Não estamos certos do que seria uma sociedade ideal, nem sequer se, a existir ou a ser possível, seria desejável. Da mesma maneira, e ao nível individual, jamais encontrámos o ser ideal, perfeito. Mas, e de acordo com o que somos e conhecemos da nossa espécie por via do contacto que todos temos uns com os outros, acreditamos que se existe esse ser ideal, não será humano. Resta-nos aceitar a realidade do que somos, na distribuição de espécie que nos divide entre machos e fêmeas, não descurando, porém, aquilo que já vamos sabendo que não nos distingue.
Por exemplo, tudo o que se encontra na dimensão relacional afectiva da nossa vida. Haja a possibilidade de assumir as dimensões que transcendem aquilo que a sociedade faz com elas, porque estão para além e antes dela. Haja a coragem de continuar a reflectir sobre tais dimensões, sem medo de corrermos o risco de nos tornarmos indesejáveis socialmente, mal entendidos, desvirtuados na nossa identidade como seres humanos, ou como homens ou mulheres que somos. Continuemos a fazer esforços para que nos “inscrevamos” como diria José Gil.
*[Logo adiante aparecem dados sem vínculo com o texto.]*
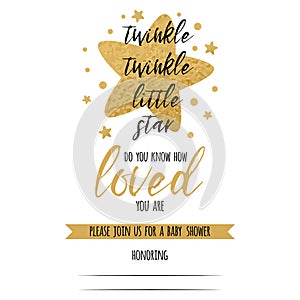 Twinkle twinkle little star text with gold stars for girl baby shower card sign print photo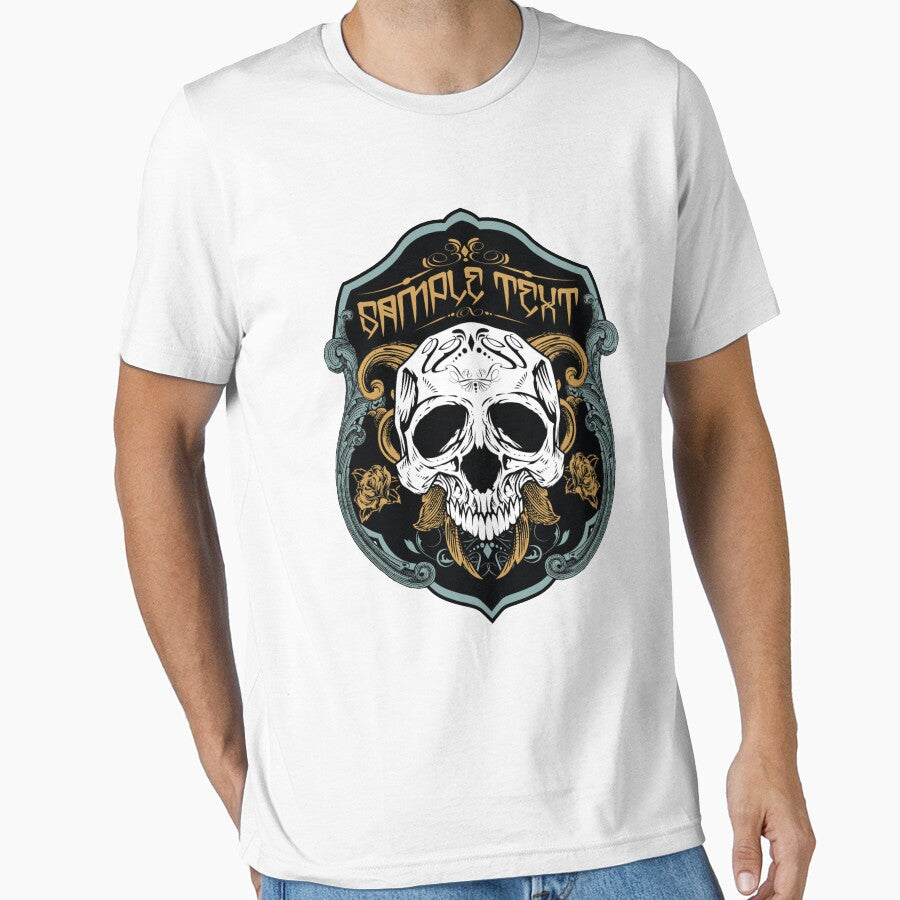 Printed Skull Necklace, Skull Shield, emblem, by LachenEaton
No tempo presente, a sociedade ocidental (da qual a sociedade portuguesa faz parte) pretende de algum modo ser modelo de virtude, de sucesso, de pacificidade, de equilíbrio. Nem sempre o consegue. Porventura não tem possibilidades de ascender a tais padrões a que aspira. Talvez se nos colocássemos num avião que sobrevoasse esta sociedade a uma distância suficiente, conseguíssemos ter uma visão que a aproximasse desse padrão. Contudo, como toda a distância que se quer óptima para percepcionar seja o que for, cairíamos no conforto da superficialidade da visão. Tentadora, tranquilizadora é certo. Porém, não perfeita, e menos ainda rigorosa. E menos ainda, verdadeira.
Numa lógica bipolar, bidimensional, temos ao longo do tempo viciado cada vez mais a forma como pensamos e, por conseguinte, agimos e somos. Naquilo que nos é mais essencial, porque determinante da forma como nos formamos, e assim podemos contribuir para o desenvolvimento do mundo social em que nos integramos - a gestão da nossa vida afectiva -, temos sido desonestos na maneira de crescer e ensinar a crescer, para poder ser.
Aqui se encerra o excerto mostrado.